Finding rest through my burdens

"Then Jesus said, 'Come to me, all of you who are weary and carry heavy burdens, and I will give you rest." Matthew 11:28

This was my "Verse of the Day" from the YouVersion bible app. I generally read this either when I first wake up or when I first get into work. Usually it's something I post to Facebook, ponder for a little while, and maybe text to a few friends. But this morning... this morning is different. This morning this is a verse I want to talk to more people about... because not only is it full of TRUTH, but it also fills me with conviction. We'll start with the truth part... and then move forward. So stick with me here.

The Truth of the matter, is that Jesus was foreshadowing in a HUGE way what was eventually going to happen. At the same time... it's a sign of what is to come for us now as well. If we are willing to lay down our lives, and follow Christ... He will give us rest. That doesn't mean that we won't be weary or carry heavy burdens. Not at all. Jesus doesn't say "If you follow me I will make everything in your life perfect, and you will never, ever be burdened again." Jesus knew that we were going to carry burdens, that we would sin and fall away from God. That didn't stop Him from loving us... in fact, it made him love us so much that He gave His life for us. The words that He spoke above, are the results of what was done at The Cross. The Cross, The Crucifixion of Christ... is how He provided us with rest. Because He died and gave His life, we can find rest when we are weary, and relief when we are burdened because we have salvation through His death and resurrection. There's also some conviction there...
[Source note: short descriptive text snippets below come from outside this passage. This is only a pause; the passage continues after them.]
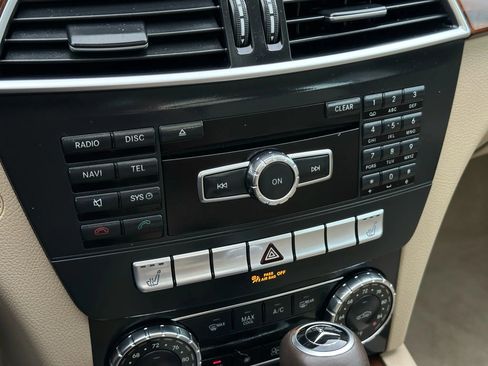 Used 2013 Mercedes-Benz C 250 Coupe image 29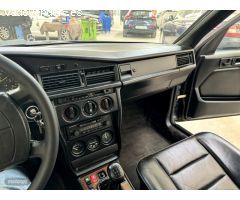 Mercedes 190 2.3-16 de 1987 con 226.650 Km por 27.499 EUR. en Albacete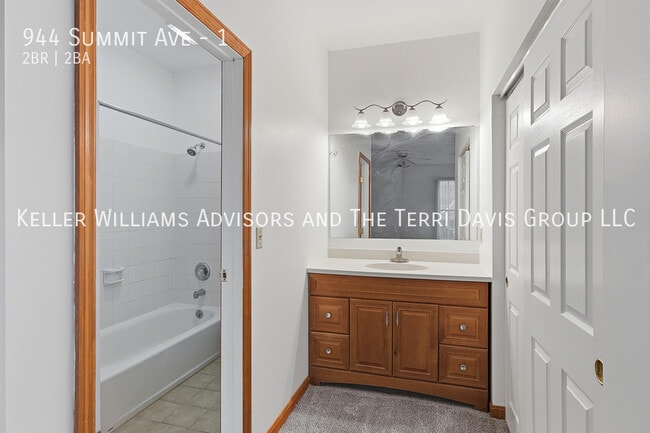 Building Photo - 944 Summit Ave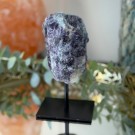 Regnbue Fluoritt Råstein På Stativ thumbnail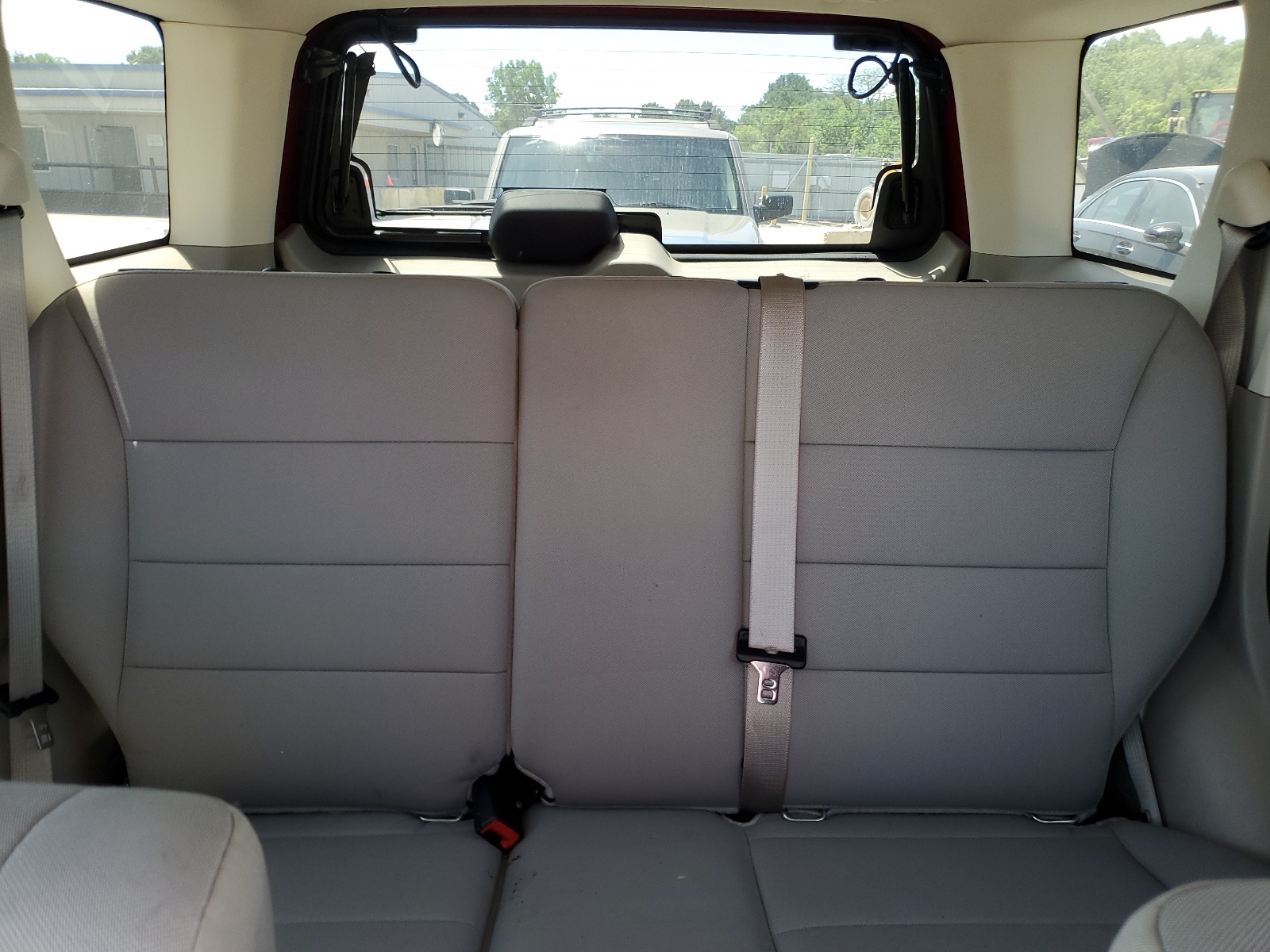 1FMCU0DG7BKA53063 2011 Ford Escape Xlt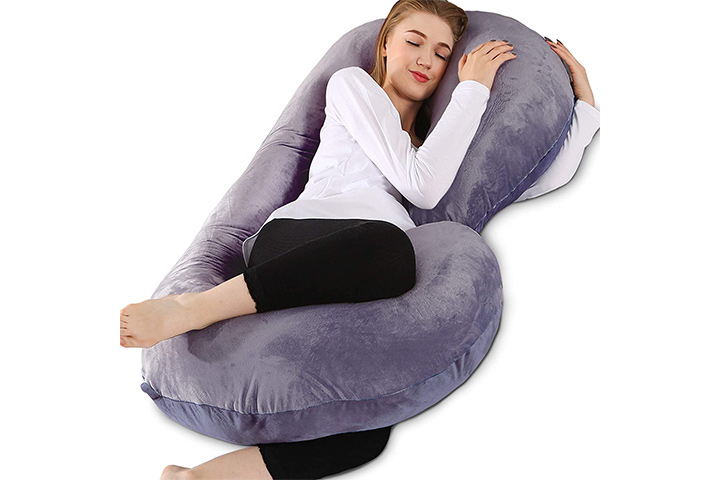 https://www.momjunction.com/wp-content/uploads/2020/11/Chilling-Home-Pregnancy-Pillows.jpg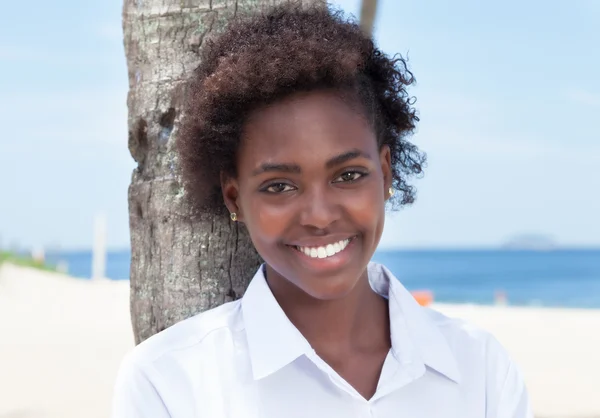 Hermosa mujer afroamericana en la playa — Foto de Stock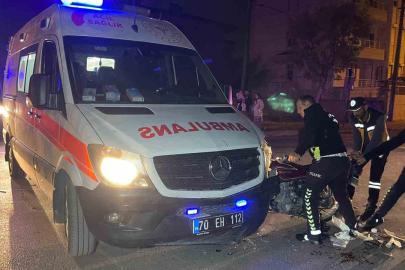 Hastaneye yaralı taşıyan ambulans motosikletle çarpıştı: 1 yaralı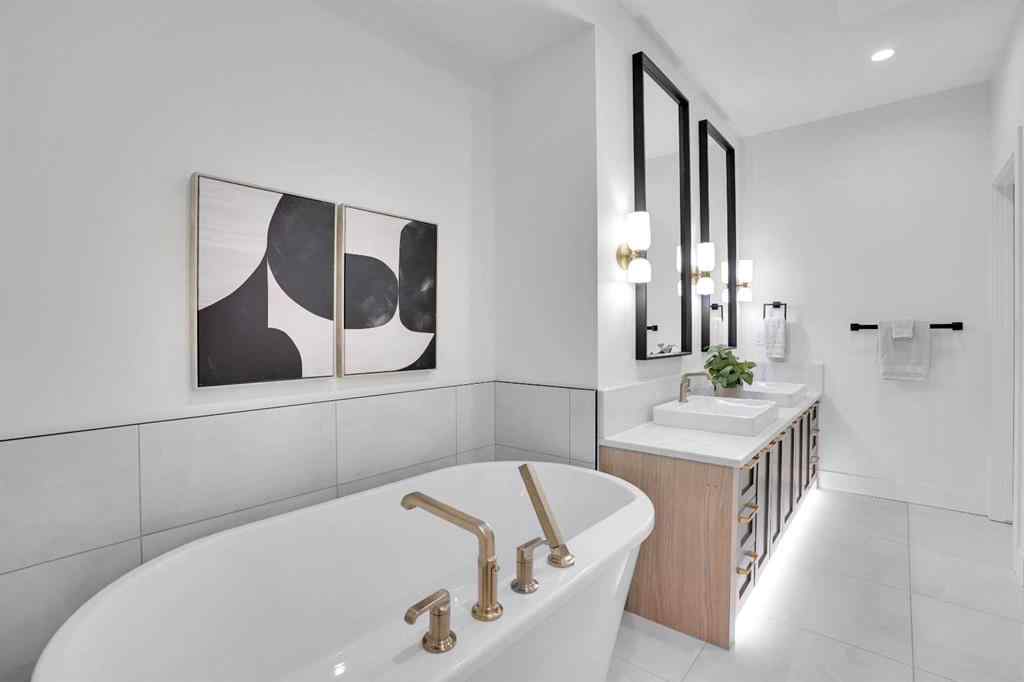 MLS® A2270217 - 605 29 Avenue NW in Mount Pleasant Calgary, Residential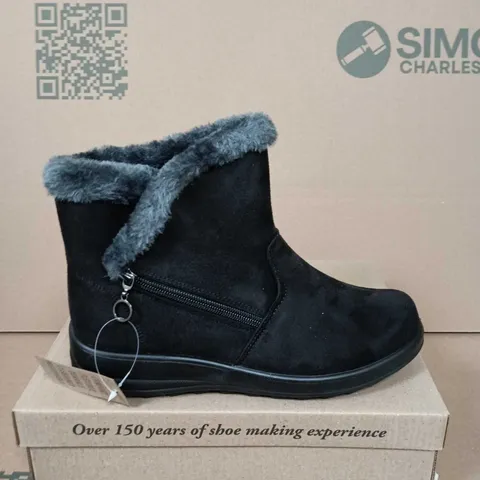 BOXED PAIR OF WOMEN'S SUEDE ANKLE BOOTS WITH FAUX FUR TRIM – BLACK - UK SIZE 5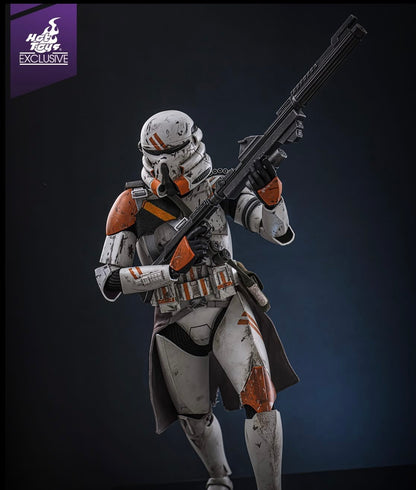 Hot Toys MMS794 Star Wars: Revenge of the Sith - 1/6th scale Airborne Trooper (212th Attack Battalion) Collectible Figure (Hot Toys Exclusive)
I started thinking about Jesus' life, and what He knew about the way His life would end (*The following comments are made from the understanding that Jesus is both man and God, 1/3 of the Holy Trinity). It hit me that, not only was He foreshadowing when He made that statement... but the really crazy thing (to me at least) is that He knew what was coming and He was still talking about US being weary and burdened. As though what we as humans were/are going through was/is ANYTHING compared to the weariness and burden He was going to face as He carried the cross to His own death. I mean... this Cross was HUGE. You want to talk about a burden weighing you down... and yet, even in the midst of what He was about to face.. a terrible, horrific, painful, torturous death-- and He was concerned about my burdens, about my weariness, about ME. That's something I'll never understand... I'll never understand how God could love a group of wretched sinners so much, that He would send His Only Son to die on The Cross, face weariness, burden, pain, torture, and death for a bunch of people that... in all honesty... didn't appreciate (and largely still don't) the sacrifice He made. While I was sitting there thinking about the implication this realization needed to have on my life... I started thinking about the kind of man I want to be. The kind of man God is calling me to be. And I realized I can't fathom what He is going to do with my life. So, sitting at my desk, I took a few minutes to grab my Bible and I turned to the Book of Job... this is what I read next--

"But if it were I, I would appeal to God; I would lay my cause before Him. He performs wonders that cannot be fathomed, miracles that cannot be counted." Job 5:8-9

Funny how God does that, huh? Right there, in the passage God laid on my heart... I find an answer to what I was thinking about. That answer is that I want to be a man that appeals to God. I want to run to God with every question, every prayer, every yearning, every desire, every longing in my heart... and lay it before Him. I want to do those things, because like the above verse states, He can perform wonders that I cannot fathom and He can perform miracles that I cannot count. I don't need to know how or why He does those things. I just need to trust it. I need to be honest about what I want/desire/long for, lay it before Him and trust that He will provide whatever it is He wants/desires/longs for in me, my life, and my service to Him. If I go to Him, He will give me rest... because, well... He already has. He gave me rest from my burdens when He offered a chance at forgiveness for the sins I had not yet committed. In thinking about that, I realize that my life... is the least I can offer in repayment.